* DATA EXCERPTS *
◇ ◇ ◇ ◇
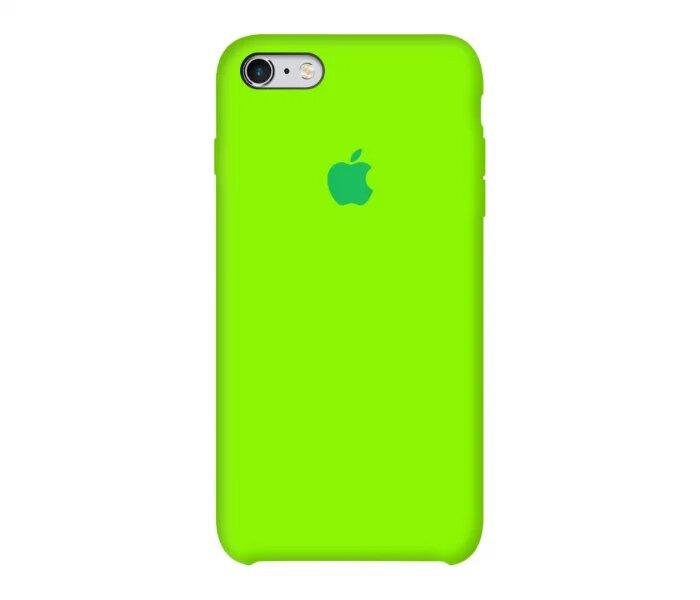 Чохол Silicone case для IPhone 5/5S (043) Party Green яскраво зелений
◇ ◇ ◇ ◇
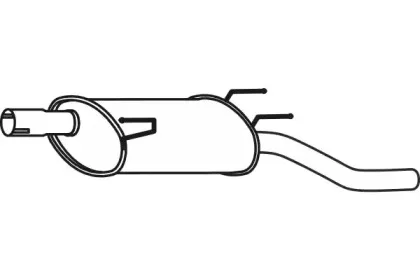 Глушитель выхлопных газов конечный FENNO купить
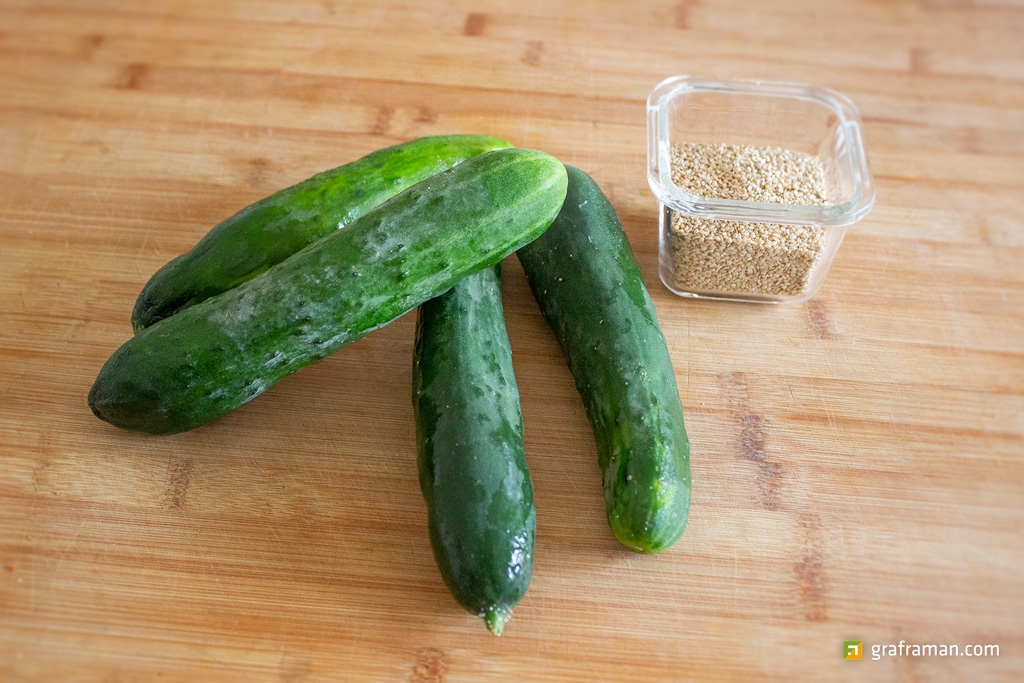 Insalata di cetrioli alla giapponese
◇ ◇ ◇ ◇
Look above for the line with "Глушитель выхлопных газов" and the line with "Insalata di cetrioli alla giapponese", then restate exactly those two lines and all lines between them, with no pictures.

* ANSWER SECTION *
 Глушитель выхлопных газов конечный FENNO купить
 Insalata di cetrioli alla giapponese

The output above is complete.